Shaking up the private sector

The private sector has a key role to play in the new sustainable development agenda, says IIED's Mick Blowfield, but let's keep multinationals' commitment to change in perspective.

Mick Blowfield's picture
Mick Blowfield is director of IIED's Sustainable Markets Group
22 January 2016
Surveys of the priorities of the private sector often ignore vital informal economies, such as this one in Hanoi (Photo: Bill Vorley/IIED)

Surveys of the priorities of the private sector often ignore vital informal economies, such as this one in Hanoi (Photo: Bill Vorley/IIED)

For anyone interested in how the private sector relates to sustainable development, the annual World Economic Forum meeting in Davos is the focal point this week. The ski resort is where heads of companies, senior politicians and celebrities rub shoulders to, in their own words, "share insights and innovations on how best to navigate the future".

Ahead of the event, PWC released the findings of a survey asking about their list of top priorities. At the top were fears about global security, over-regulation, cyber-threat, and growth. Sustainable development was a long way down, with climate change, for instance, getting a mention from about half the 1,000-plus respondents.

Should we be surprised? No: the list of concerns this year is roughly the same as last year, without much change in priorities. What's more, the PWC survey, like others by the likes of Accenture (PDF), only looks at big, multinational firms. It ignores the majority of businesses in the world that are small, medium or micro, and often exist outside of the formal economy.

A sustainable agenda

But nonetheless the findings are important. The new Sustainable Development Goals are teeming with ambitions that can only be achieved if the private sector plays its part. That includes obvious ones such as economic growth, but also energy for all, sustainable resources, and gender equality.  

The new climate change agenda that came out of the COP in Paris likewise requires an active and innovative private sector to play its part if we are to keep global warming to less than 1.5 degrees.

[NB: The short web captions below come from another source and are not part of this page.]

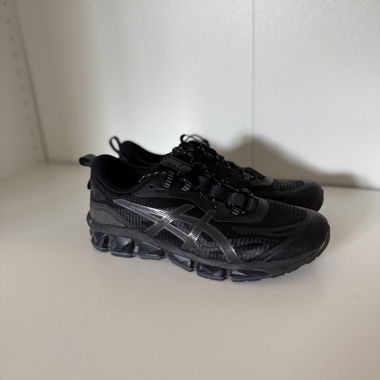 Schwarze Asics Sneaker
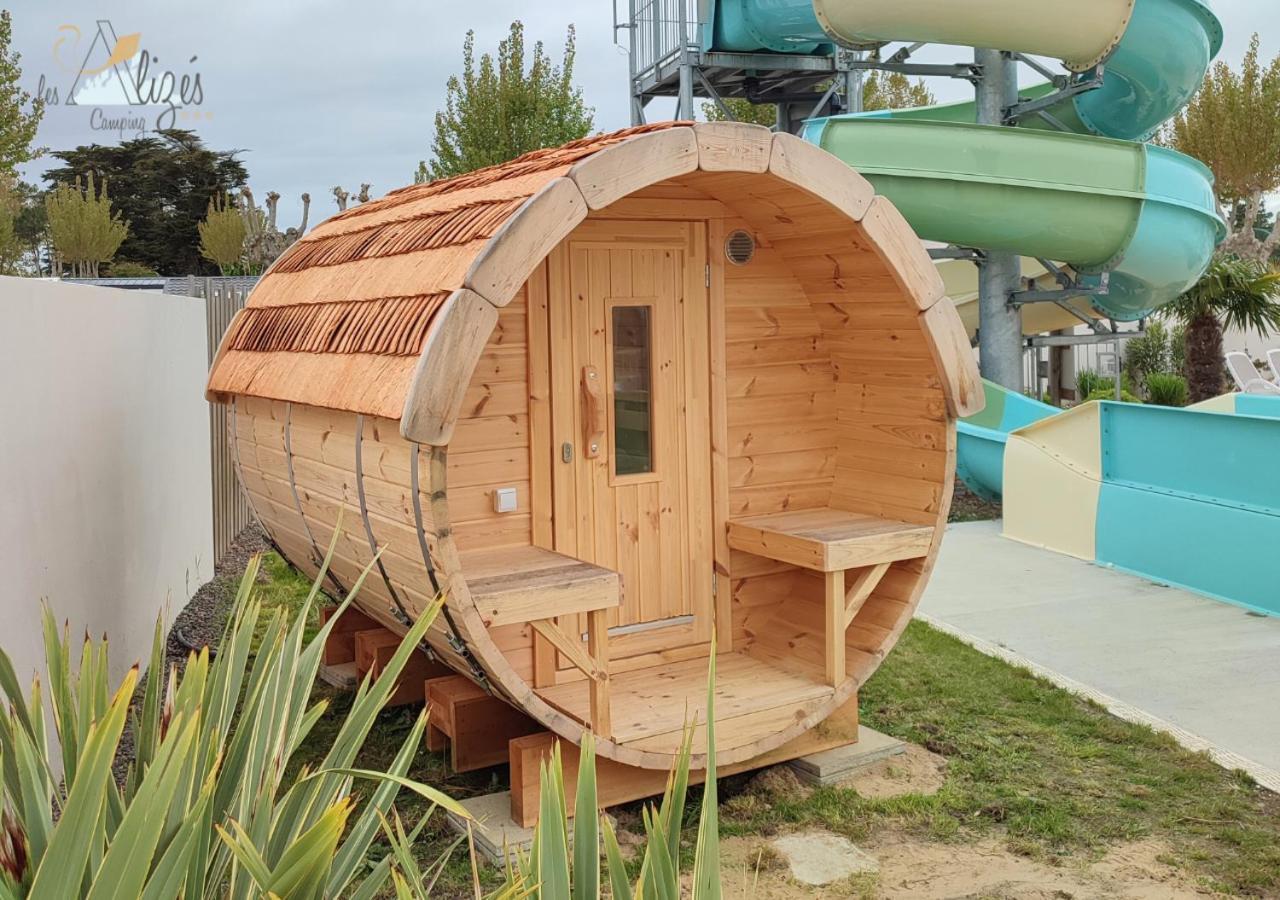 Hotel Camping Les Alizés Saint-Hilaire-de-Riez Esterno foto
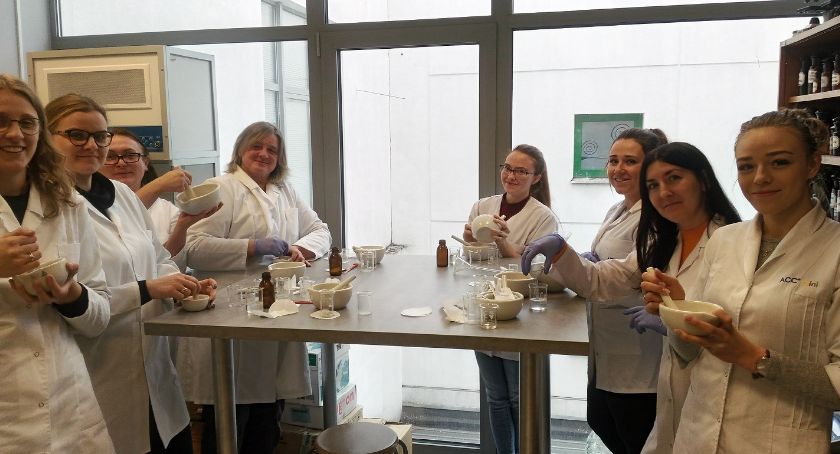 Jak nieść pomoc pacjentom? TEB Edukacja zaprasza na kierunek technik farmaceuta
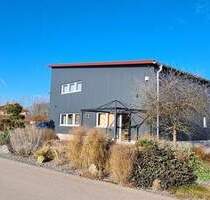 neuwertige Halle (beheizbar) mit Büro zu vermieten in Barbing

Not surprisingly, there's a lot of excitement about the role of the private sector in the emerging new sustainable development process. A hundred major companies have committed to achieving 100 per cent renewable power, signalling massively increasing corporate demand for renewable energy. The Breakthrough Energy Coalition of 27 major investors has promised a US$2 billion for clean energy innovation.

Putting this in perspective

But let's put this in perspective so that we don't lose sight of the size of the climate challenge. That 100 companies have committed to renewable power is great, but the companies who signed up are not from the biggest greenhouse gas emitting sectors.  

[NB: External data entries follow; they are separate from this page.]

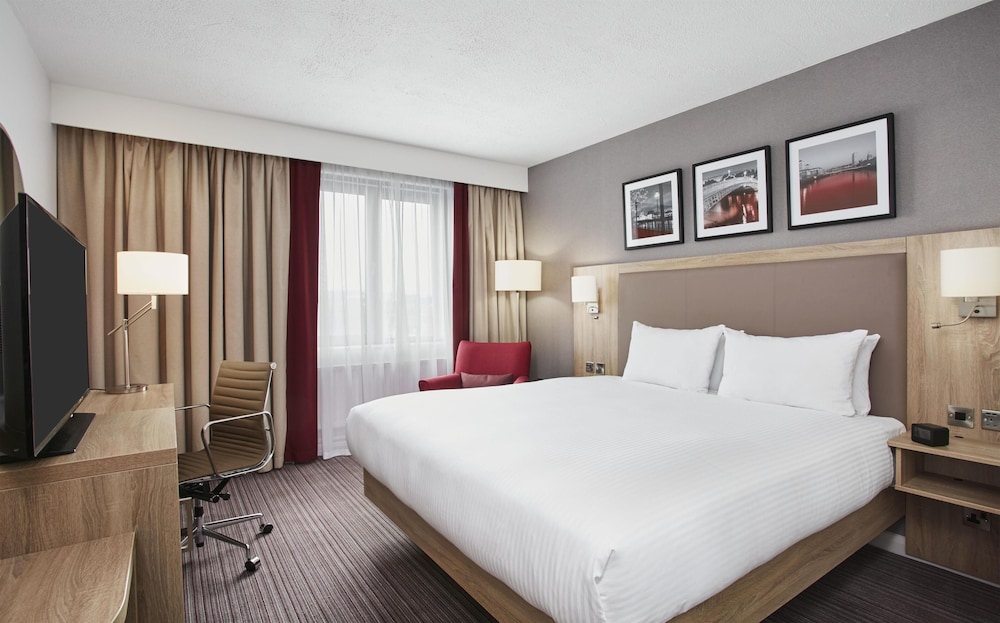 Habitación Deluxe, 1 cama de matrimonio grande, vistas al río del hotel Hilton Garden Inn Dublin City Centre. Foto 3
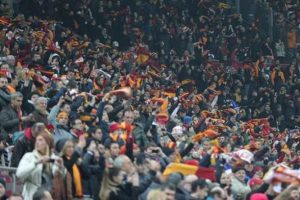 Polis Arena'da pankart avına &ccedil;ıktı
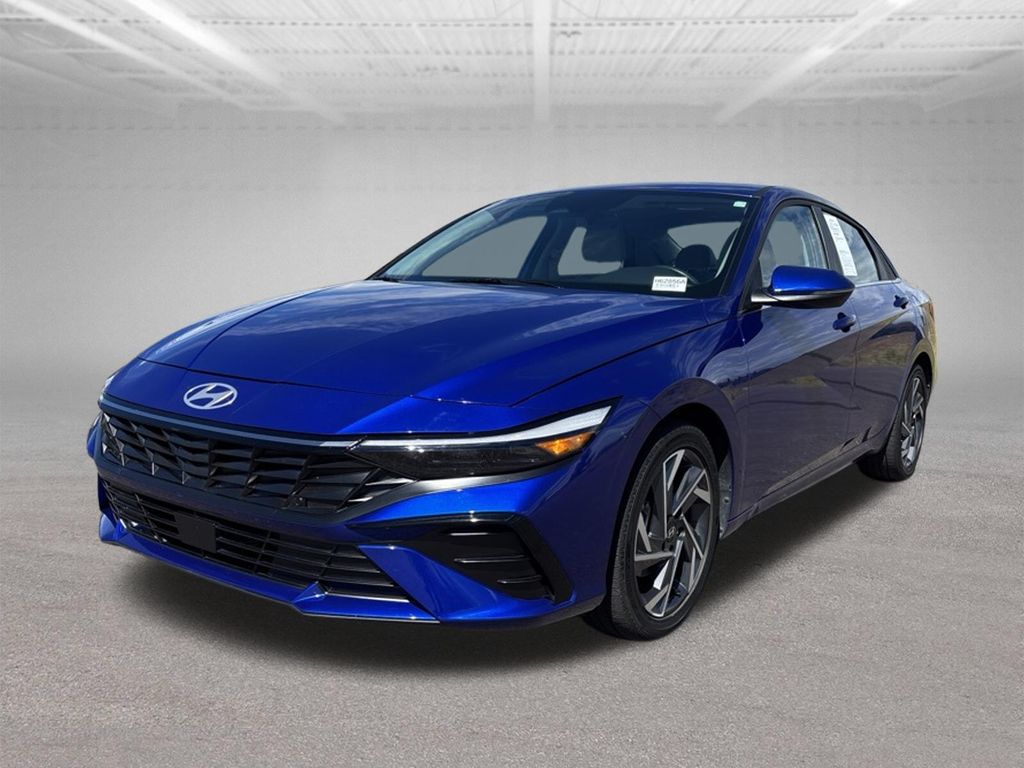  2025 Hyundai Elantra Hybrid Limited FWD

They are in retail and finance and advertising, and don't include airlines, steel, or transport. What's more they include companies such as Nestlé that have outsourced some of their most harmful activities to companies that have no sustainability sensibility.

Or take the 27 investors promising $2 billion for clean energy. That's less than $75 million each. For a big investor, $75 million is a small amount. The promise equates to putting a small bet on clean energy, knowing that it probably won't pay off, but if it does the returns will be huge.

It's called 'contrarian investing' and is the kind of thing Nassim Nicholas Taleb highlighted a few years ago in Black Swan. So, this isn't big news: it's normal investment practice.

What's more, the Breakthrough Energy Coalition is making its commitment contingent on governments putting up matching funding. That's to say that the private investors want tax payers to reduce the investment risk by putting up collateral.  

There may be tax payers who would rather see investors paying more taxes rather than getting what amounts to subsidies for investment in new technology.

All told, we should probably be welcoming the private sector to what will hopefully be a fast moving sustainable development agenda. But we shouldn't go crazy just because they are coming to the party. They need to pull their weight.